Earmarks allow lawmakers to fund projects fast, with little public scrutiny. These days, their use is mushrooming. Congressional leaders are using them to help vulnerable junior colleagues curry favor with home-state constituents to boost re-election efforts. Earmarks grease the skids for important legislation — bills loaded with spending provisions that benefit numerous congressional districts tend to garner more votes. In recent years, Republican leaders have offered lessons for newly elected lawmakers in how to get earmarks.

In the 1980s, President Reagan vetoed a transportation authorization bill because it contained a few hundred earmarks. Last year’s version included more than 6,000, including $223 million for a bridge to a sparsely populated Alaskan island — the oft-mocked "Bridge to Nowhere." In the fiscal year ended Sept. 30, 2005, there were 15,818 earmarks in all federal spending bills, up from about 3,034 in fiscal 1996, according to the research arm of Congress, the Congressional Research Service.

As always, such process - the ease of spending someone’s else money, is invitation for corruption.

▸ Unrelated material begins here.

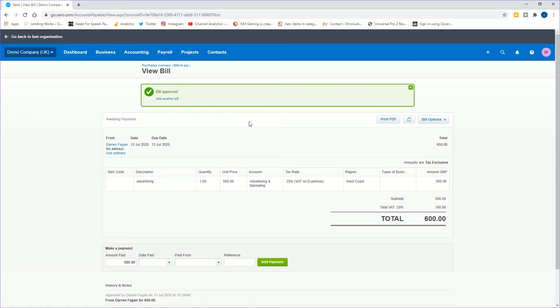You can see also once you've approved them that you do see it there, and you can see also the other category that we set up as well.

An invitation that is not remain un answered:

Earmarks made up about $40.8 billion, or 4%, of the roughly $1 trillion that Congress allocated in the 2005 fiscal year. Federal prosecutors in Washington, Los Angeles and San Diego are looking into potential abuses, including whether lawmakers have added earmarks to benefit political contributors, former staffers and friendly lobbyists. At least four congressmen, including Rep. Jerry Lewis, the current chairman of the House Appropriations Committee, are being investigated for their roles in earmarking or their ties to lobbyists specializing in earmarks.

A while ago CBS’ 60 minutes had a short segment about earmarks, watching it (you will need to scroll down to the segment: "Buried in the fine print") is a scary demonstration of how far we departed from the ideas of restricting government’s power and corruption.

I only hope that the pendulum start to swing back from this craziness soon.